We test a lot of home pages and website redesigns and one of the stated goals is usually to increase findability.
By findability, most development teams mean they want users to find things easily and quickly on a website.
But how exactly do you measure findability? There isn’t a findability yardstick and, while you could just ask users to rate the “findability” of a website, there are better ways.
In order to improve findability, you first need to know how findable items on a website are. To do so we use the same core usability metrics to assess how well users can find items.
Step 1: Define What Users are Trying to Find
Identify a good cross-section of products or pieces of information that users would likely look for on the website. While there are often thousands of products, pages and content on most websites, the idea is not to be comprehensive but representative. I’d recommend no more than 30 items. Here are some ideas on how to identify those items.
- Survey Users: Ask users to pick the top five products or things they have looked for on a website.
- Look at search logs: See what users are searching for on the website’s internal search function.
- Look at the Google Analytics key words and traffic logs to see which pages are most visited and what external search words users are using
Step 2: Measure Baseline Findability
Part of the reason I recommend less than 30 items is that you can only ask users to look for so much during a study. Even with just one minute per item you’re already at 30 minutes.
Time to Find: If you ask users to locate an item, they assume the item can be found. Otherwise, why would you ask them? This is one of the inherent biases in usability testing. If users eventually find the item but it takes them a long time, then you have a findability issue. To also gain perspective of how consistent the experience was, look at the variability of found item times. Divide the standard deviation by the mean. High values indicate high variability (this metric is called the coefficient of variation).
Difficulty: We use the 7-point Single Ease Question (SEQ) to gauge how hard it is for users to locate items. Because we have hundreds of other tasks to compare the scores to, we can convert mean difficulty ratings into percentile ranks. So, for example, an average score (about a 4.8) becomes 50%. In addition, by associating average found times with difficulty ratings, you can identify items that while able to be found are taking too long to find.
Verbatims: We ask users to pick which items they had the hardest time finding. If they rated an item as relatively hard on the SEQ, we also ask them what they had problems with. These become excellent cues for improvement and help provide the “why” behind the numbers.
Step 3: Improve Findability
There are inevitably some hard-to-find “dogs” in the results that stand out. What items were users struggling with? Look at low findability percentages, high times, high variability, items rated low on ease, and of course examine the verbatim responses to see why users say items are difficult.

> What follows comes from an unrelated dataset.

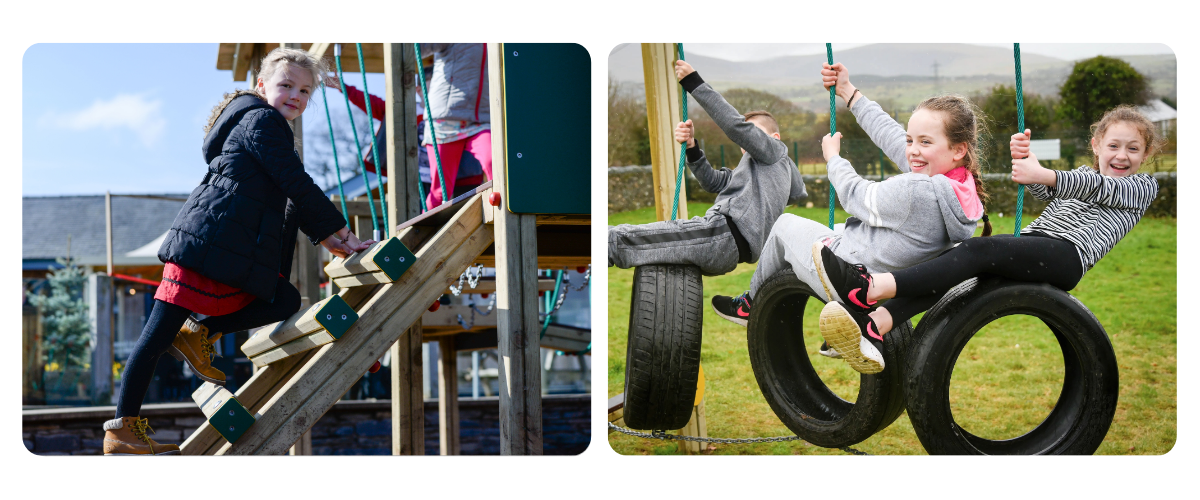 Photo of girl ascending a wooden ladder up a play structure / Photo of three children swinging on tyres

It can help to run an open-card sort on items if there are major problems with the navigation. It’s also a no-brainer to add cross-referencing on product category pages. That is, if half the users look for cuff links in Men’s Accessories and half in Men’s Formal Wear, add links in both categories. We are free from the physical constraints of library bookshelves and can place “virtual” products and information in multiple areas.
Sometimes, the issue can be as simple as users didn’t know what they were looking for. For example, on retail sites we know gift cards are popular purchases. In a tree test we conducted on Target.com, the most difficult item to find was the “Iconic Puppy Gift Card $5-$1000.” We pulled this name right from the Target website in the gift card section. However, users were confused if the item was for a $5 puppy or a generic gift card. That’s less of a problem with the website than what we were asking users to do. In reality they probably look for gift cards then select the picture of Target’s dog.
Step 4: Measure After
Here’s where having the baseline data pays off. The reason you know if you made improvements or made things worse is by comparing the findability of the same items over time. Use all the metrics from Step 1 to compare before and after, statistically.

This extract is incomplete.